In addition to the above metrics, AutoML Tables provides two other ways to understand your classification model, the confusion matrix and a feature importance graph.

  • Confusion matrix: The confusion matrix helps you understand where misclassifications occur (which classes get "confused" with each other). Each row represents ground truth for a specific label, and each column shows the labels predicted by the model.

    Confusion matrices are provided only for classification models with 10 or fewer values for the target column.

    AutoML Tables evaluate page

  • Feature importance: AutoML Tables tells you how much each feature impacts this model.
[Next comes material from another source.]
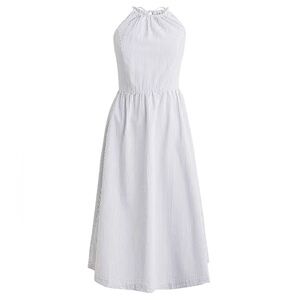 J.Crew Factory Strappy Seersucker Midi Dress in White Noble Periwinkle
It is shown in the Feature importance graph. The values are provided as a percentage for each feature: the higher the percentage, the more strongly that feature impacted model training.

    You should review this information to ensure that all of the most important features make sense for your data and business problem. Learn more about explainability.
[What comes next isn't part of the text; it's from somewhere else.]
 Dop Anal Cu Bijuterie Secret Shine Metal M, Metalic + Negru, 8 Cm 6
    AutoML Tables evaluate page

How micro-averaged precision is calculated

The micro-averaged precision is calculated by adding together the number of true positives (TP) for each potential value of the target column and dividing it by the number of true positives (TP) and true negatives (TN) for each potential value.

\[ precision_{micro} = \dfrac{TP_1 + \ldots + TP_n} {TP_1 + \ldots + TP_n + FP_1 + \ldots + FP_n} \]

where

  • \(TP_1 + \ldots + TP_n\) is the sum of the true positives for each of n classes
  • \(FP_1 + \ldots + FP_n\) is the sum of false positives for each of n classes

Score threshold

The score threshold is a number that ranges from 0 to 1. It provides a way to specify the minimum confidence level where a given prediction value should be taken as true. For example, if you have a class that is quite unlikely to be the actual value, then you would want to lower the threshold for that class; using a threshold of .5 or higher would result in that class being predicted extremely rarely (or never).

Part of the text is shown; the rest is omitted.